I used to hate the sound of my own thoughts. It really used to be a problem for me when I was younger. I would do just about anything to keep my thoughts from over flowing in my head. I eventually learned to hate the sound of silence. I constantly had music playing, a TV on, or was talking to myself at the very least. I would do anything to keep from being silent. By time I realized it was a problem I was scared to embrace the quiet.
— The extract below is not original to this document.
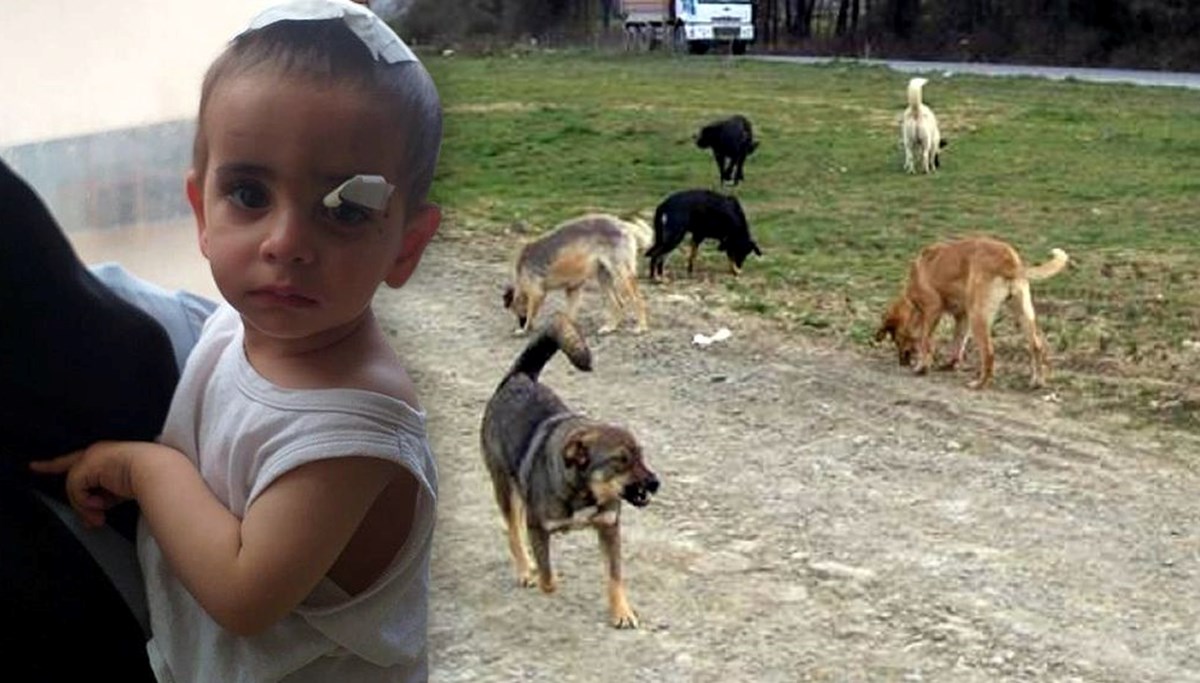 Ağrı'da köpeklerin saldırdığı çocuktan acı haber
Yesterday as I was rocking my son to sleep, the only sound I could hear was the whisper of the wind and the singing bird voices, & I realized in that moment how much I LOVE the quiet moments now. I honestly didn’t think that would ever happen. Between constantly over thinking, over analyzing everything, and always studying human nature, my mind was always a chaotic mess. Everything in my life has been out of control for as long as I can remember and sometimes my thoughts got really weird and some even really bad. Now, I am in such a state of happiness and bliss. I may still think a thousand miles a minute but I feel a lot more in control of my life and especially my thoughts. I have really pushed myself to get out of my comfort zone so that I can face fears, such as being in complete silence or allowing my thoughts to overtake my anxieties.
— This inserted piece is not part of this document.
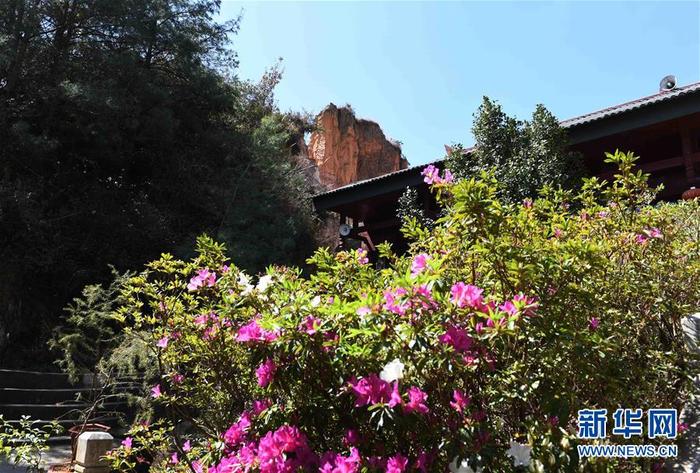 图片默认标题_fororder_1125686267_15837422293721n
For me, one of the best ways to accomplish this was learning to shut everything off. Taking baby steps like not listening to music when I work out and focusing on the sound of my breathing (heavy breathing, I might add) , or turning off the TV and opening the window to focus on the sound of bird melodies, or putting my phone down before I am ready to go to sleep to allow my thoughts to bring me to slumber, all of these things have truly changed the amount of stress and anxiety in my life.
I am falling in love with silence for the first time, its intoxicating & its really beautiful. I feel like I am balancing out the constant intake of information.
Whether you have struggled with letting the quiet in or if you enjoy the silence more than anything…take a moment to just exist.